Our task for this lab was to watch the film "Como Agua para Chocolate," which is also known as "Like Water for Chocolate," and identify six metaphors—three of which have to do with food—in order to analyze it. These are the ones I found, along with a thorough analysis of what I believe they are referring to:

  1. When Tita is narrating and discussing how to make dough and how it reacts when it comes into contact with boiling water, more specifically, how heat bubbles begin to form on the dough that is burning. She continues by saying that she is afraid she will experience heat bubbles on her skin as a result of being so close to Pedro and that she won't be able to manage the chemical reaction. 

  2. Tita sobbing into the cake batter prior to her sister's wedding. Nacha tells her "only the pots know their boiling point, she can feel hers." It was almost a premonition of what was to come. She implies in her statement that the pots emit steam and boil when they get too hot, alerting the cook when they have reached a boiling point. She uses this metaphor to advise her to take it easy and let go of her feelings before the wedding so as to avoid giving away her feeling

  3. When Tita is devastated to learn that Pedro will marry her sister the following day and that she must assist in making the wedding cake, it's possible that this scene serves as the film's most poignant metaphor. She sobs into the cake dough because she is in so much misery. When the guests begin to eat the cake the following day, they are immediately struck with loss, sadness, and an intolerable longing for the love of their lives. This metaphor is powerful because it conveys the idea that Tita's anguish over the love she is unable to experience and the guy she is unable to be with is contagious, causing all of the other guests to grieve over their own soul mates.

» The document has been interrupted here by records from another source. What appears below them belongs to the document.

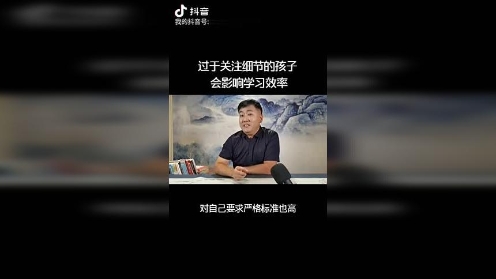 过于关注细节的孩子会影响学习效率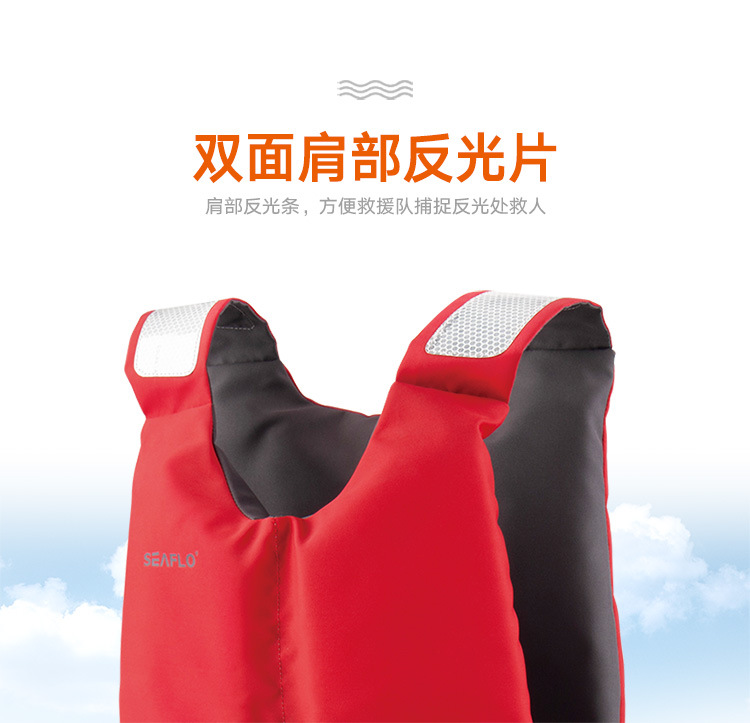 救生衣-网店750_06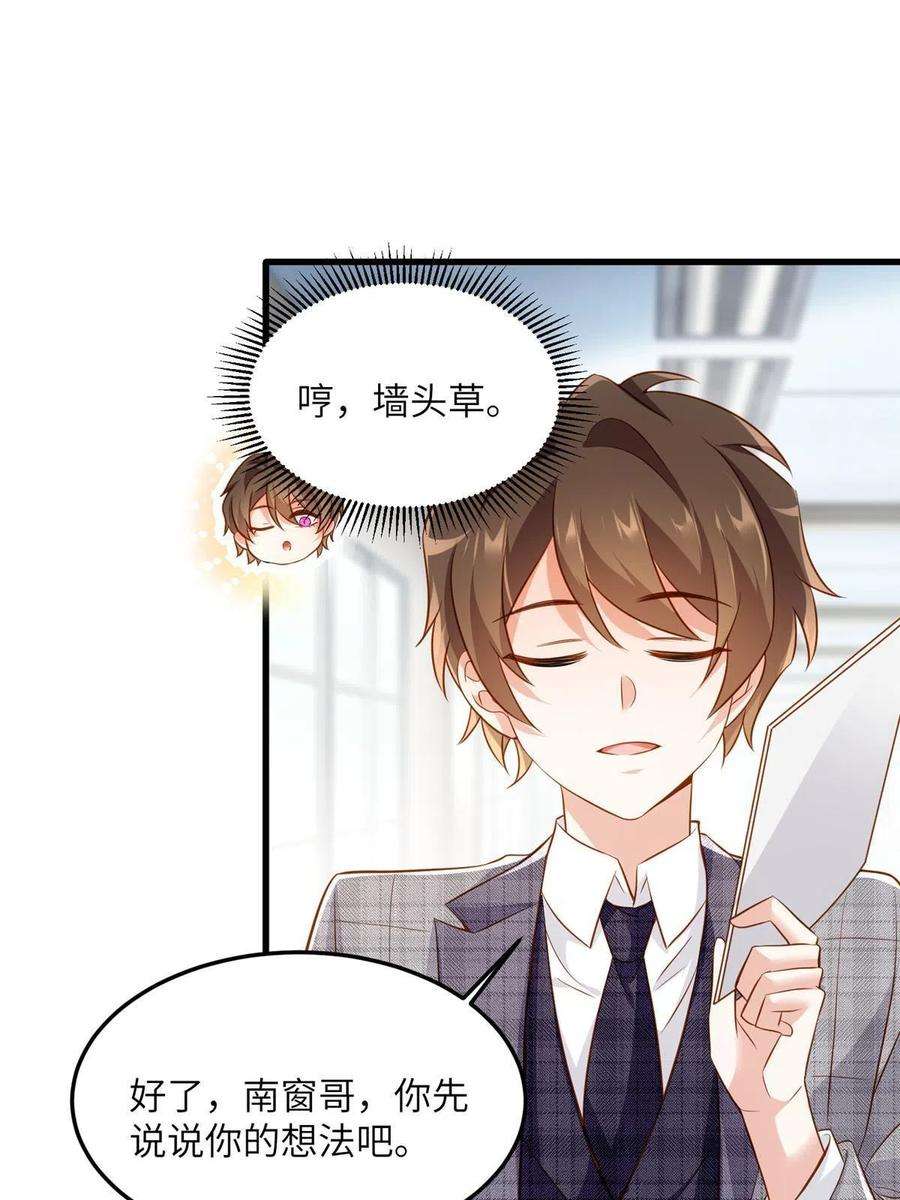 南城待月归122 这份DNA就是证据！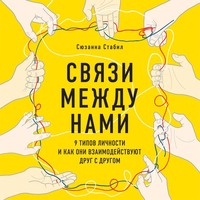 Сюзанна Стабил. Связи между нами. 9 типов личности и как они взаимодействуют друг с другом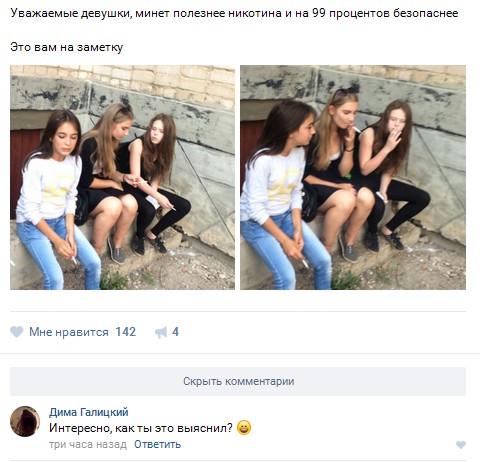 Ужасы и приколы из соцсетей 18+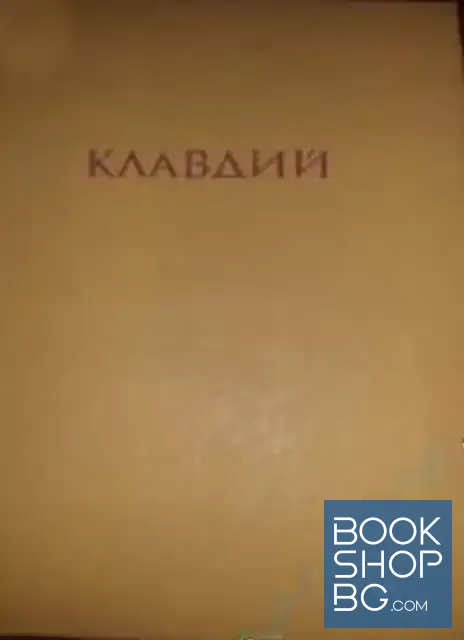 View 1 of Аз, Клавдий; Божественият Клавдий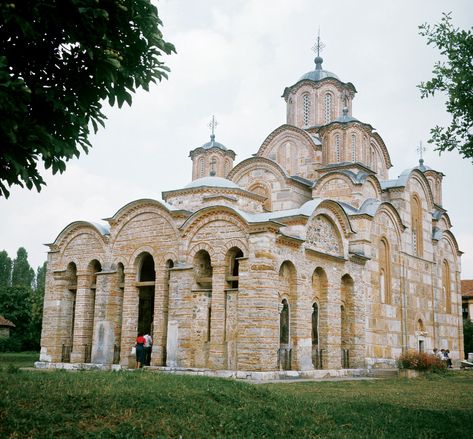 Gračanica Monastery in Kosovo Gracanica Monastery, Orthodox Architecture, Egyptian Era, Byzantine Architecture, Library Reference, North Macedonia, Landlocked Country, Temple Architecture, Orthodox Church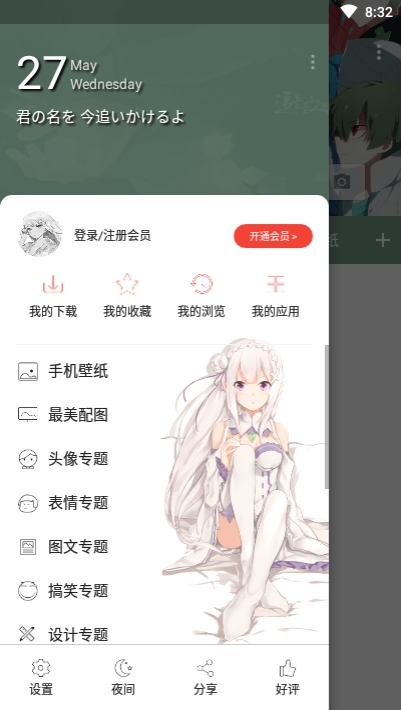 搜圖神器內(nèi)測版v4.6.9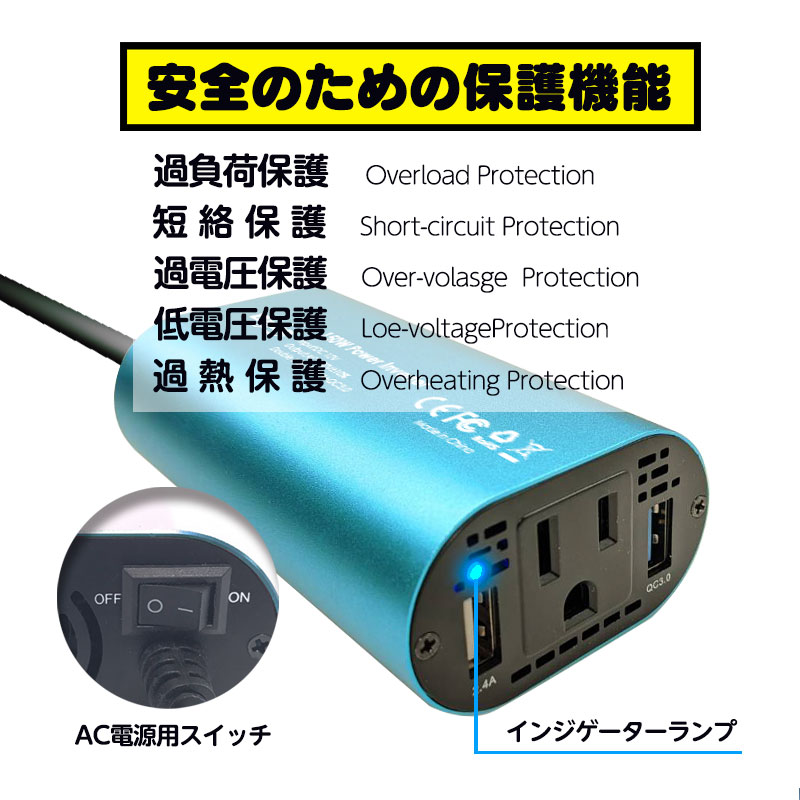 クイックチャージ3 0 インバーター 12v 100v Dcac Qc3 0 静音 車内 車用 車 コンセント 車載インバーター 車中泊 防災 グッズ ポイント2倍 送料無料 カーインバーター 150w シガーソケット Dc12v Ac100v 5a 2 4a Qc3 0 車載 電源 変換 車載充電器 Usb 2ポート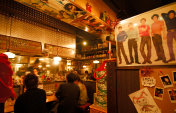 居酒屋いくなら俺んち来い大宮店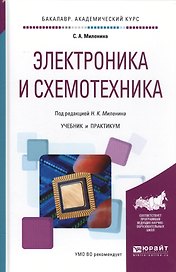 Электроника и схемотехника Учебник и практикум (БакалаврАК) Миленина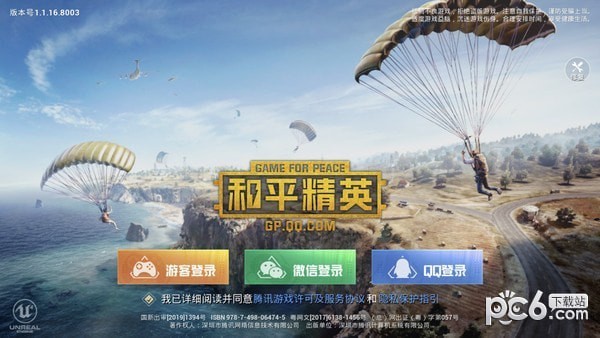 和平精英手游助手-和平精英模拟器下载 v1.1.16官方版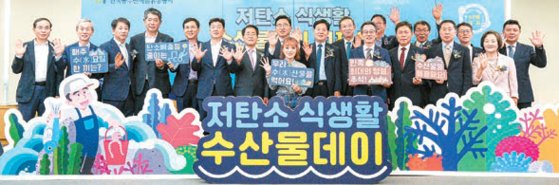 한국농수산식품유통공사가 ‘저탄소 식생활 실천 운동’을 주도하고 있다. 사진은 13일 서울 aT센터에서 개최된 ‘저탄소 식생활 수산물 데이’ 선포식. [사진 aT]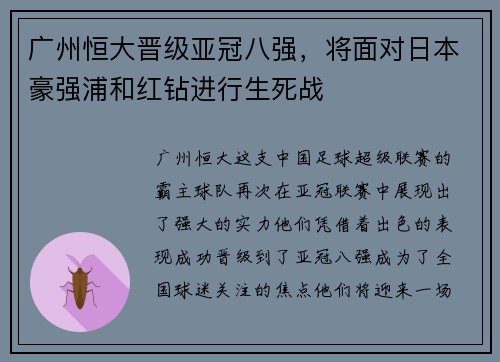 广州恒大晋级亚冠八强，将面对日本豪强浦和红钻进行生死战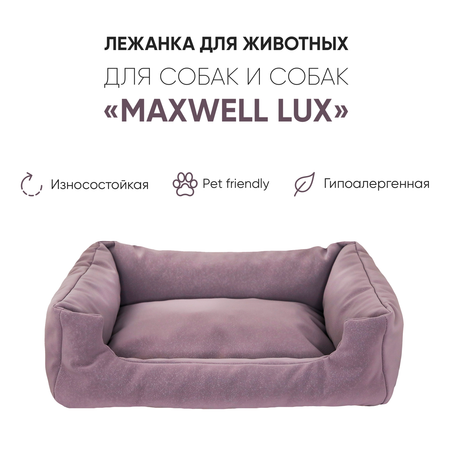 Лежанка Не Один Дома 072021-02aANTIK2grn Maxwell Lux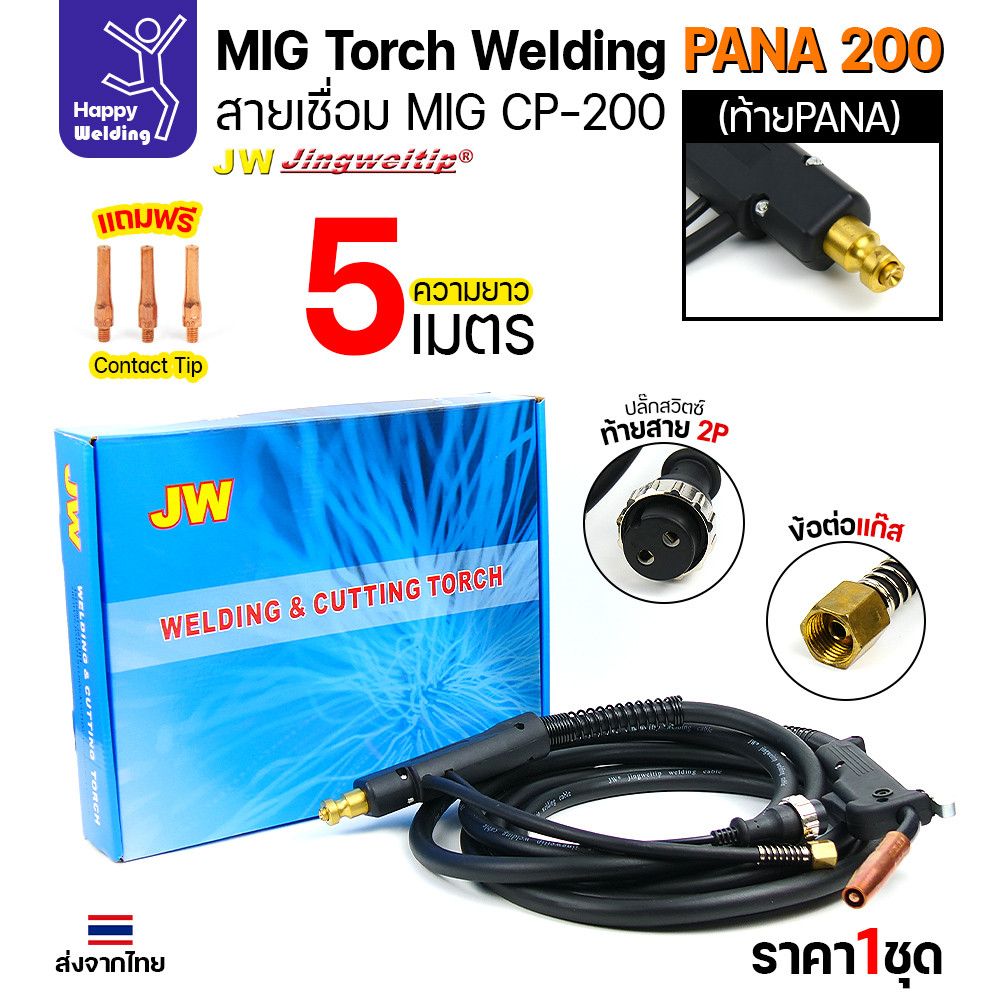 ชุดสายเชื่อมมิก JW รุ่น CP200 (MIG Torch) ท้าย PANA ยาว 5 เมตร สำหรับตู้เชื่อม CO2 Panasonic (200KR/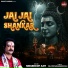 Singercop Ajit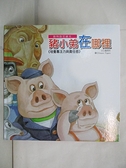 【書寶二手書T1／少年童書_DQ9】動物啟思繪本-豬小弟在哪裡_詹琇玲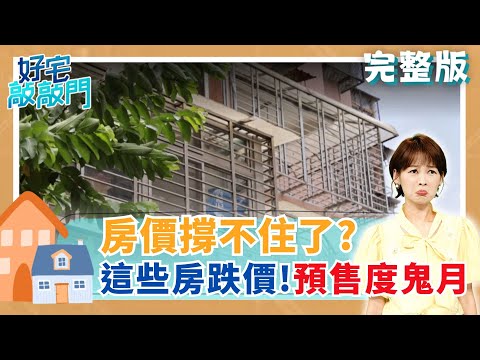 房市進入「鬼月+寒流」！預售屋讓利潮擴散、買氣急凍，房仲曝「這些區」跌最兇！房價還能撐多久？哪些區域開始下修？│廖婕妤 主持│【好宅敲敲門 完整版】20251026│三立iNEWS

  4. Tita preparing a delicious lunch for her family, complete with meat and roses on the plate, strikes me as another metaphor. Pedro is overtaken with an almost holy experience when he consumes the dish, to the extent that he feels as though it is the best meal he has ever had. Another way to put it is that Tita is "invading" Pedro's body through her food, which is a new means of interaction. It seems as though the food acts as a conduit for an almost spiritual and telepathic energy between them because they are unable to express, much less act upon, their feelings for one another.

  5. The fifth metaphor I came across is when Tita is narrating once more and describes how she had slept with Pedro and is now expecting his child. Despite her feelings for him, she finds it difficult to accept this because of how her sister could react if she finds out and because it is ethically wrong. She declares her intention to "keep the words inside until the worms consume them," meaning that she cannot bring herself to say them out loud.

  6. The last metaphor I found was when Tita compares her sorrow to a black hole that lets in all of the chilly air at night, when she is almost at the height of her grief and despair. What she means is practically palpable—a sort of icy hollowness in her body. She makes the decision to knit, and she spends so much time doing it that she completes a quilt. She then wraps it over herself in an attempt to warm up, but as she says, the cold comes from within and cannot be fixed by an outside source.